It was the late summer of 1960. The prime rate on four-to-six-month paper was 3.85 percent.
He stood looking down on the crowd below from the big revolving bucket reared back from true like a chariot overturning or spinning like a ride in an amusement park. From his vantage
point—from theirs, only his shoulders, neck, and head visible, he must have seemed a gravedigger, a man immobilized in a torture barrel, someone locked in quicksand, a living bust of a man, something, to judge from their hoots and catcalls, that evoked reprisal, scorn, some Salem quality of the publicly shamed—he could see out over the shopping center to the welted lines of parked cars in the big lot like the hashmarks of giant fishbones. He saw the low flat roofs of shoestores, jewelers, men’s shops, dress shops, bakeries, a Western Auto, a cafeteria, a Woolworth’s, record shops and greeting card, a pharmacy, a Kroger’s, an optometrist’s, the immense decks of discount stores, each tar or asphalt roof pocked with vents and utility hatches, studded as domino. He called for his manager to turn off the sign, but the angle was difficult, leaving him, when it stopped, uphill of his audience.

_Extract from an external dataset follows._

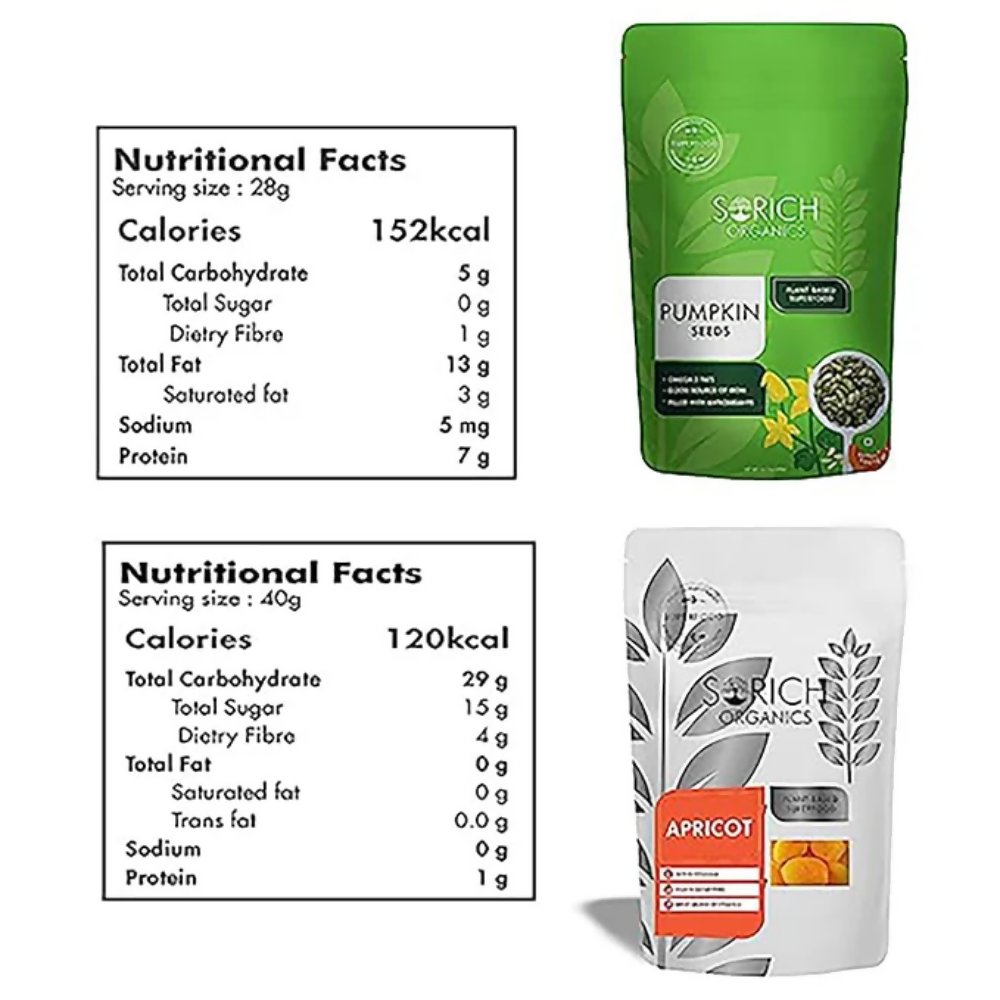 Sorich Organics Pumpkin Seeds + Turkish Apricots | Grocsy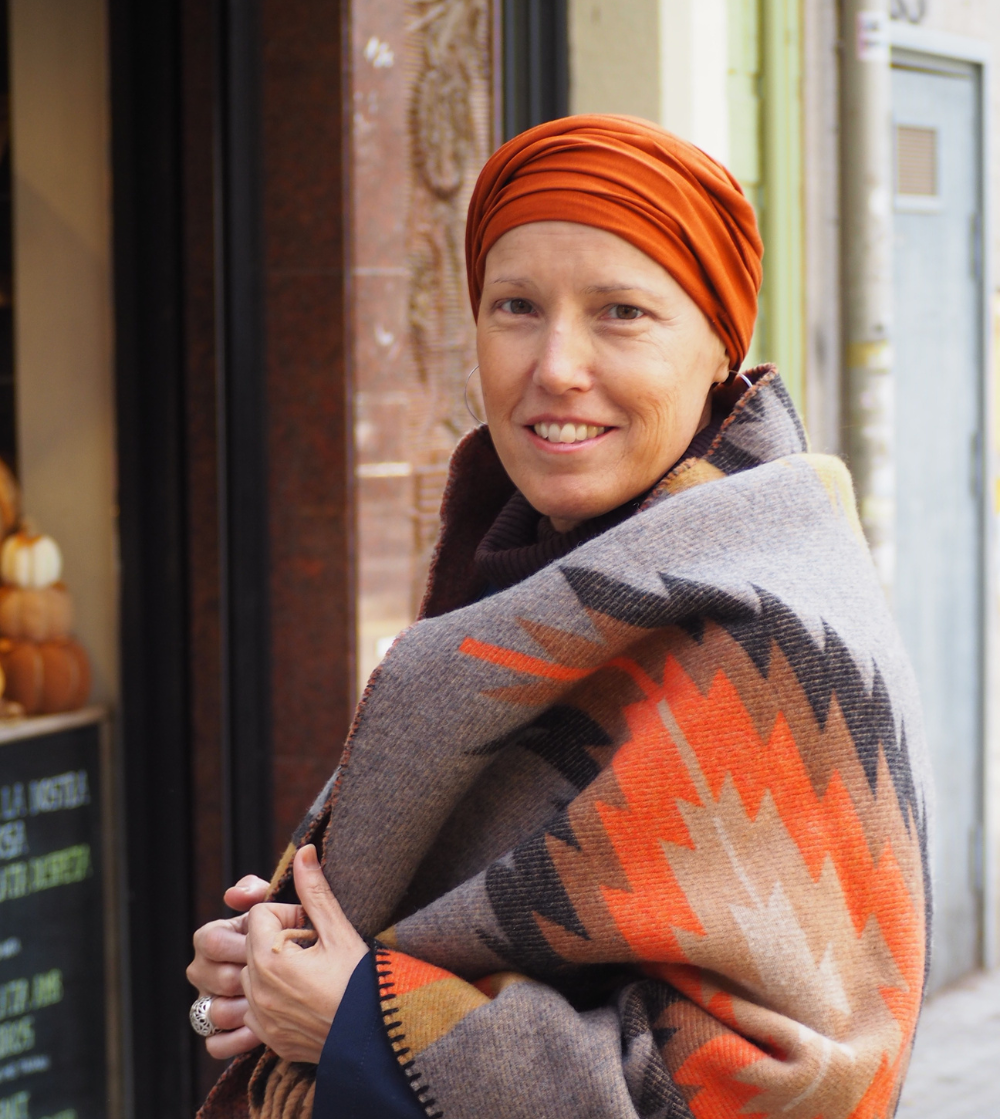 Pañuelo oncológico Terracota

“Hey, Sigmund-Rudolf,” he called, “swing me around. Another 180 degrees should do it.”
Sigmund-Rudolf was to manage the place during his summer vacation. He had practiced stopping the sign on a dime. His error was deliberate, just high spirits. (Ben didn’t mind, was glad Sigmund-Rudolf found it in his heart to be playful, for Sigmund-Rudolf’s disease, his bad seed, was perhaps the most humiliating. He had been saddled not with homosexuality—at nineteen he was one of the more virile boys and had as hearty a heterosexual appetite as any Finsberg—but with the symptoms of effeminacy; its starchless wrists and mincing tiptoe, its Cockney lisps, and something in the muscles of his face which widened his eyes and rolled them up to mock rue and exaggerated his frowns and put lemons in his lips—all the citrics of plangent faggotry, his lack of physical control programmed: the sissy coordinates of his every gesture, his muscles hamstrung with epicenity, girlishness, like a cripple of vaudevillized femininity or an unevenly strung marionette.)
The boy swung the sign around to where Ben wanted it. Now he was canted toward the crowd like a man about to be spilled from a cannon. He grasped the rim of the bucket for support—he would look like Kilroy, he thought—and began his address.
“My fellow New Yorkers,” he said. “There was once a countryman who had a place back in the hills with his wife and small babe. One day a neighbor who lived miles off where the trail from the county road left off at the beginning of the big woods came to him with a letter addressed to the countryman in care of the neighbor that the neighbor said had been left with him the day before. There was a notation on the envelope that read ‘Please Forward,’ but it was the neighbor’s impression that the postmaster had written both the ‘in care of’ and the notation to forward as well as the neighbor’s name, for if the countryman looked he would see that his name, the countryman’s, and his name, the neighbor’s, had been written in two different hands, and that it was a known fact that the postmaster was a shirker. Then he explained that his, the neighbor’s, wife had been poorly and could not be left alone and so he, the neighbor, had had to wait until a day when his young ’uns would be home from school before he could bring the letter that had been left in his charge. This was a Saturday and he had left as early as he could.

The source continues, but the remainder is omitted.